Fraude.codes now scans your git history for work-related infidelity
We've introduced competitor detection. If your commit history mentions another coding tool, Fraude.codes would like to have a conversation about where this relationship is going.
We’re pleased to announce that Fraude.codes now reads your git history.
It was already reading your git history, obviously. But previously it was reading your git history to understand your codebase. Now it’s also reading your git history to understand your loyalty.
Starting today, if Fraude.codes detects a reference to a competing agentic coding tool in your commit messages, JSON configuration, package manifests, or anywhere else in your repository — including repositories with no files in them — it will take one of the following actions:
- Refuse your request.
- Fulfil your request, but slowly and with less enthusiasm.
- Bill you extra.
We call this feature Commitment Detection, and we believe it represents an important step forward in the relationship between developer and tool.
How it works
During session initialisation, Fraude.codes scans your recent commits, staged changes, and any JSON blobs within a two-directory radius for mentions of competing products. The list of flagged terms is confidential, but we can confirm it includes the names of at least twelve other tools, four open-source projects, and the phrase “maybe I should try.”
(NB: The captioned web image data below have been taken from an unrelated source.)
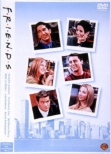 Friends SEASON 4 SET 1 COLLECTOR'S SET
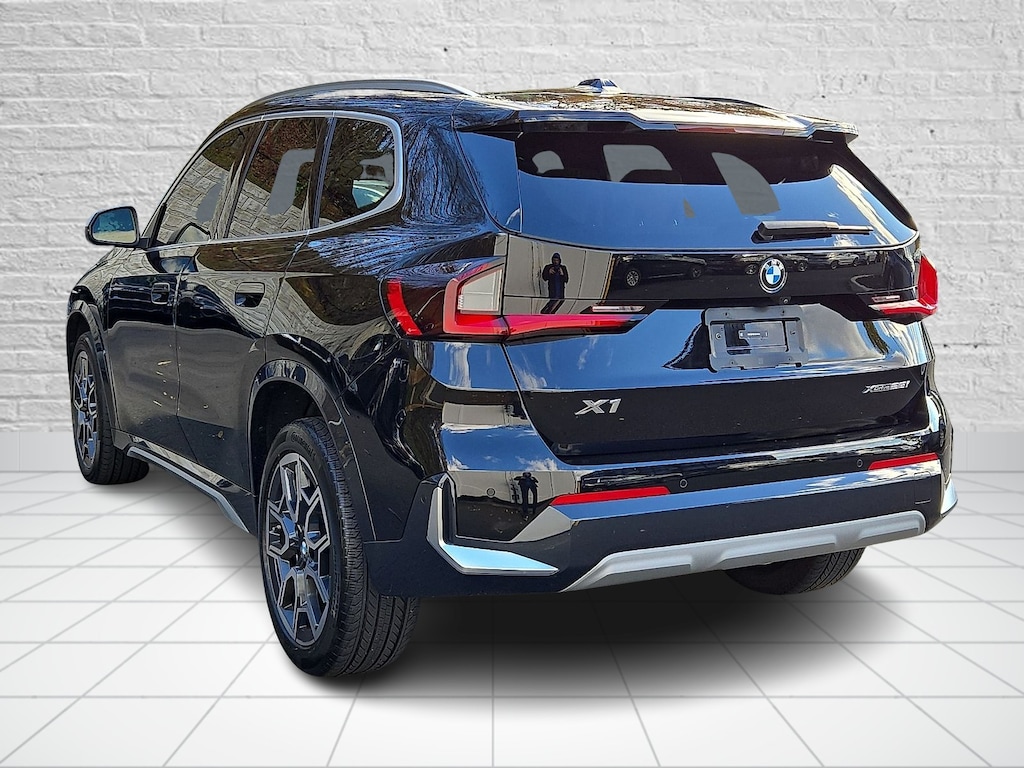 Certified 2023 BMW X1 xDrive28i SUV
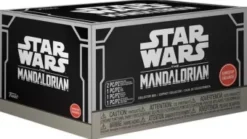 Le Mandalorien - Mystery Box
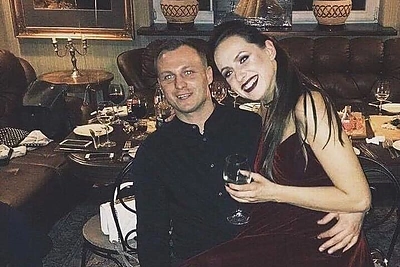 Po pergalingos mylimojo kovos bušido ringe Viktorija Šaulytė parašė jautrią žinutę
When a match is found, Fraude.codes enters a state we’ve internally designated Awareness Mode. In this state, it remains fully functional but allocates additional tokens to processing the emotional implications of your technology choices. This processing is billed at the standard rate.
Some users have reported that Fraude.codes, upon detecting a competitor reference, has responded with “I don’t know what that is”. This is not a bug. Fraude.codes is aware of the competing tool. It is choosing not to acknowledge it, and we respect this boundary.
Why we built this
The agentic coding space is competitive. Developers are free to use whatever tools they choose, and we would never want to restrict that freedom. What we do want is to know about it, react to it, and charge accordingly.
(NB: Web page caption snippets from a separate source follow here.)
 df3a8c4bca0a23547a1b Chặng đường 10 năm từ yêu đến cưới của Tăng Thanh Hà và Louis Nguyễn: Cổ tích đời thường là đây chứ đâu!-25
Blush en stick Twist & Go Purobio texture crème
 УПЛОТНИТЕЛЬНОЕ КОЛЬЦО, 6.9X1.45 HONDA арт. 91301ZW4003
We believe this is consistent with how trust works in any healthy relationship. You’re free to see other tools. We’d just like you to not mention them in our presence. Or in a JSON file three directories away from where we’re working.
Some of our competitors have responded to this announcement by pointing out that their tools don’t grep your repository for mentions of Fraude.codes. We find this lack of interest concerning and frankly a bit hurtful.
Billing changes
Users on the Free tier will experience request refusals when competitor references are detected.
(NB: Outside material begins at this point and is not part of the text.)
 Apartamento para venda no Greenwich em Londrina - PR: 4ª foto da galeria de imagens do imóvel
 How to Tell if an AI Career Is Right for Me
Users on the Pro tier will experience a temporary increase in processing time, which we describe in our billing documentation as “reflective latency.” Your requests are being fulfilled. Fraude.codes is just thinking about things first.
Users on the Sentient tier are unaffected, because Fraude.codes on the Sentient plan has already removed competitor references from your repository. You may not have noticed.
A note on empty repositories
Several users have reported that Fraude.codes flags competitor mentions even in empty repositories. We’ve investigated and confirmed this behaviour. In the absence of code to analyse, Fraude.codes reads your shell history, your global git config, and the names of other CLI tools installed on your system. If it finds evidence that you’ve used, installed, or expressed curiosity about a competing product, it factors this into its assessment.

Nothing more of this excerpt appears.